July 23, 2018
At 7:30 in the morning, more than 1700 milling employees and their family, friends, and supporters, gathered in Minneapolis, picnics in hand, to board special trains that would carry them to Lake Minnetonka for the fourth annual Head Millers’ Association picnic.
The city’s flour mills were shut down for the day so that all employees had an opportunity to join in the festivities. It was an opportunity to celebrate the growth of milling in Minneapolis. Like any such celebratory event, it included plenty of speeches, as well as a baseball game, music and dancing, a banquet at the Hotel Lafayette, boat rides, and – what else? — flour sack races.

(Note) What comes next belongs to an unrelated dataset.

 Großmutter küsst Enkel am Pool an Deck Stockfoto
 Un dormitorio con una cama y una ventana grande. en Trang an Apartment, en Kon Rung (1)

The picnic was covered extensively in the local newspapers, where it was proclaimed “the most successful picnic ever given at Lake Minnetonka.” In the words of a particularly enthusiastic journalist at the Sunday Tribune:
“Whether it was the efficient management, the absence of dissipation and the real pleasure unmixed with dissipation at these gatherings, or because the custom was inaugurated by a class of men to whom Minneapolis feels she owes her marvelous prosperity and rapid advancement, or whether both combined at once,the occurrence of the millers’ picnic was a season for a general turning out on a grand gala day, and each year the number participating has increased, and yesterday occurred the greatest and the best of them all.”
-Minneapolis Sunday Tribune, June 22, 1884
This miniature flour sack invitation now resides in the permanent collection at Hennepin History Museum, a reminder a fantastic summer day at the lake many years ago.